A notable success for the administration, this semester University Senate voted to provide students with a pass/no pass grading option for general education and elective classes. 

While it’s important to her to use the position as a tool for empowerment, Higazi says she just wants students to benefit from her relationship with administrators - who more often than not, have never had to interact with marginalized students the way they do now. 

“They've never been in a position where they were forced to listen to us where, forced to address a Black woman student body president, like they’ve never had to do that,” Higazi says.  “Now they have to also address the issues that come with Black students and be prepared to center it.” 

In November, the administration will reach a halfway point for the term, but when it comes to the kind of legacy Higazi hopes to leave behind, she imagines that the new support will be everlasting. 

Hineman, Chang, and Higazi pose for the camera during a campaign shoot. Credit | David Dai

“It’s very interesting because sometimes it's like we’re in our own world,” she says. “We’re seeing a lot of things that a lot of other people don’t see or are not aware of, and we really have to show up for each other in those spaces.”

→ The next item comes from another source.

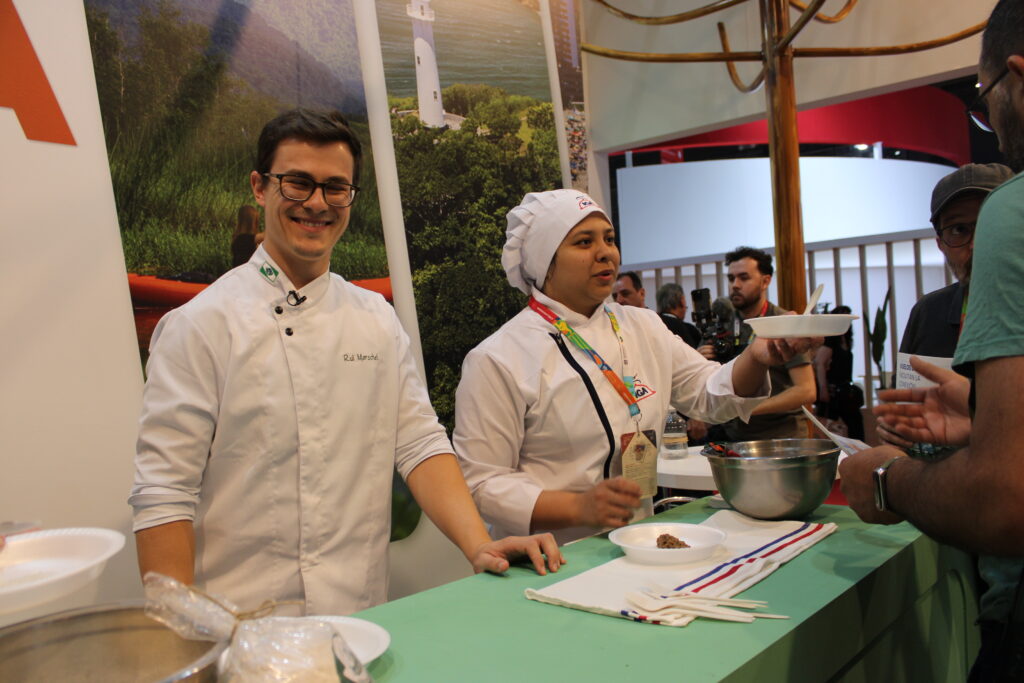 Paraná convidou o Chef Rui Morschel para preparar as refeições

On the flipside, when Hineman thinks about the future, he says his jaw drops when he thinks about how much has changed. 

“Thinking back to when I first met Roaya back when we were Morrill Scholars,” Hineman says. “I think we’ve both been able to see each other change in different ways, especially in these roles, and I think a lot of that comes from the many different things that are thrown at us.”

Jacob Chang, a third-year psychology and political science major and senior director of operations for the administration, says the job is a delicate balance between policy, and pushing forward for the things they believe are right. 

“USG is a really transformational organization,” he says. “It's students serving students.”   

An international student himself, Chang loves to make connections with people of different backgrounds and demographics, but says it’s more important to be a listener, not a fixer.

Charging the leader of USG with being the “pulse of the student body,” his experience has made him sure that the current administration’s approach to service will lead to long-term change. 

“We’re here for the students, and advocate for the student body,” Chang says. “But without Roaya and Caleb, I don’t think I could be who I am today.”